我有下面的函数读取csv文件并将数据分块为Days,Weeks和Months。
我的问题是这些日子从正常的上午12点开始24小时。但是,数据应该从下午4点到下午4点(进入第二天)进行分块。
此外,自星期一数据开始以来,dt.week将在周一开始一周。我想默认为星期日下午4点 - 周五下午4点为一周。我可以通过索引天真地做到这一点,我想知道是否有更优雅的解决方案。
目标:我想制作一个数据框列表,这些数据框在几天,几周和几个月内将这5分钟的数据(请参阅df.head())分块。好几天,我需要一天开始下午4点,第二天一直持续到下午4点。几个星期以来,我希望这个星期在周日开始,问题是因为数据从星期一开始,它想要从星期一开始分周。

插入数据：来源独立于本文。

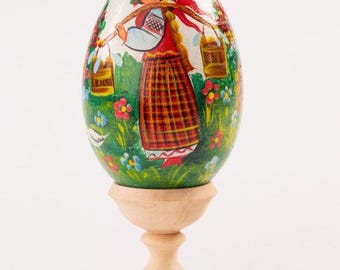 Volkskunst handbeschilderde houten paaseieren | Oekraïens pysanka-ei, meisje in Oekraïense jurk, kleurrijke houten eieren, paasmandje kleinigheidjes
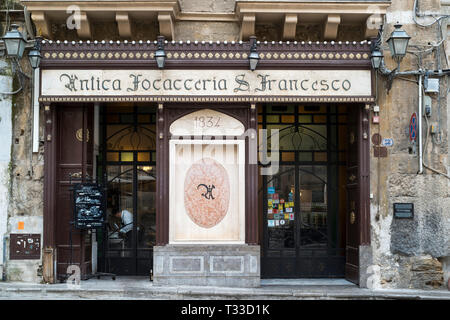 19e siècle célèbre café restaurant L'Antica Focaccia San Francesco qui sert une cuisine traditionnelle sicilienne à Palerme, Sicile, Italie Banque D'Images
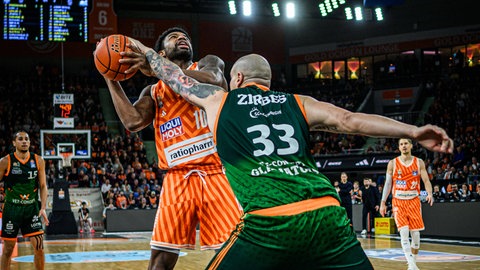 Maik Zirbes (VET-CONCEPT Gladiators Trier) gestikuliert während des Basketball Bundesliga Spiels zwischen Ratiopharm Ulm vs VET-CONCEPT Gladiators Trier.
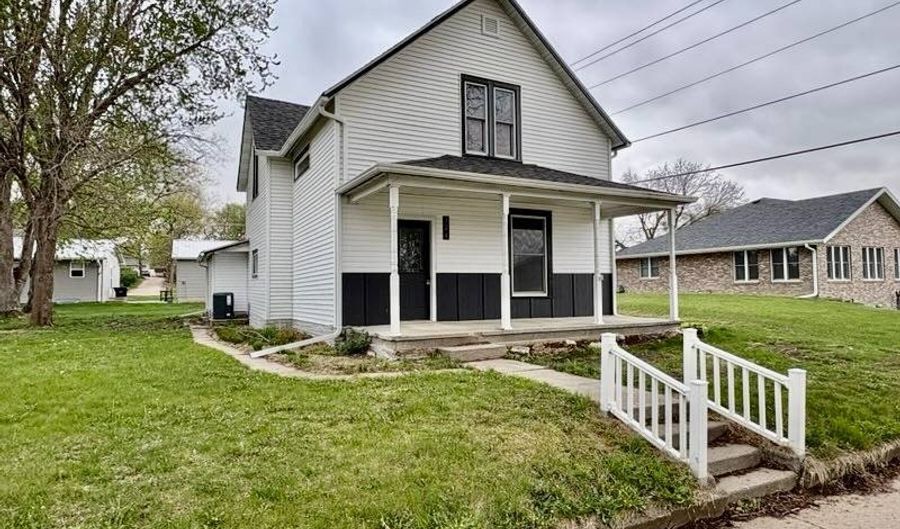 326 S 8th St, Albion, NE 68620 - 4 Beds, 3 Bath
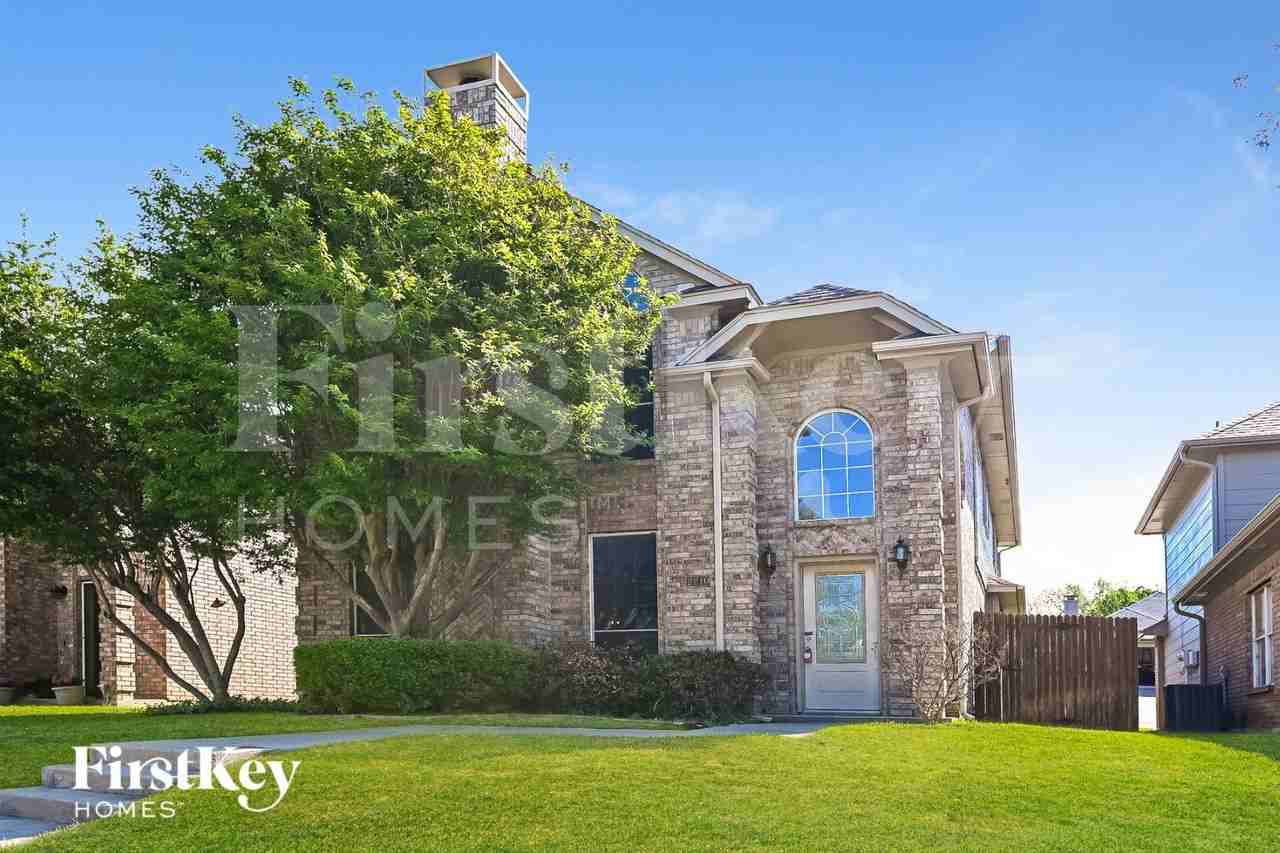 2210 Meadowstone Dr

def read_in_files(file_names):
"""
1. Read the csv files to memory into a pandas dataframe with pd.read_csv
2. separate the df into year, month, and date objects
3. It also chunks the data by single day
"""
import os
import pandas as pd
file1 = pd.read_csv(file_names, parse_dates=[['Date', 'Time']])
df = pd.DataFrame(file1)
# Week is defined as sunday 4pm to Friday 4pm --not working correctly
# this is a timestamp obj
df['year'], df['month'] = df['Date_Time'].dt.year, df['Date_time'].dt.month
df['date'] = df['Date_Time'].dt.day
df['week'] = df['Date_Time'].dt.week
"""
these three lines below chunk the data by dates
"""
df_single_day = []
for group in df.groupby(df.Date_Time, sort=False):
df_single_day.append(group[1])
df_single_week = []
for group in df.groupby(['week', 'year'], sort=False):
df_single_week.append(group[1])
df_single_month = []
for group in df.groupby(['month', 'year'], sort=False):
df_single_month.append(group[1])
return df df_single_day, df_single_week, df_single_month
示例输出
df_single_day [0] .tail(5)
Out [11]:
Unnamed: 0 Symbol Date_Time Open High Low Close \
90 91 ABCDEF 2008-05-06 23:35 0.9480 0.9483 0.9477 0.9480
91 92 ABCDEF 2008-05-06 23:40 0.9479 0.9482 0.9476 0.9479
92 93 ABCDEF 2008-05-06 23:45 0.9478 0.9481 0.9474 0.9477
93 94 ABCDEF 2008-05-06 23:50 0.9477 0.9481 0.9472 0.9478
94 95 ABCDEF 2008-05-06 23:55 0.9479 0.9481 0.9475 0.9478
year month date week
90 2008 5 6 19
91 2008 5 6 19
92 2008 5 6 19
93 2008 5 6 19
94 2008 5 6 19
df_single_day [1]。头(5)
出[14]:
Unnamed: 0 Symbol Date_Time Open High Low Close \
95 96 ABCDEF 2008-05-07 00:00 0.9478 0.9483 0.9475 0.9481
96 97 ABCDEF 2008-05-07 00:05 0.9481 0.9484 0.9479 0.9484
97 98 ABCDEF 2008-05-07 00:10 0.9482 0.9485 0.9480 0.9482
98 99 ABCDEF 2008-05-07 00:15 0.9482 0.9485 0.9478 0.9483
99 100 ABCDEF 2008-05-07 00:20 0.9483 0.9485 0.9480 0.9484
year month date week
95 2008 5 7 19
96 2008 5 7 19
97 2008 5 7 19
98 2008 5 7 19
99 2008 5 7 19
该功能为每个列表的00:00开始分块数据,我希望它从一天的16:00开始到第二天的15:55
答案 0 :(得分:0)
df['temp'] = df['Date'].astype(str) + ' ' + df['Time']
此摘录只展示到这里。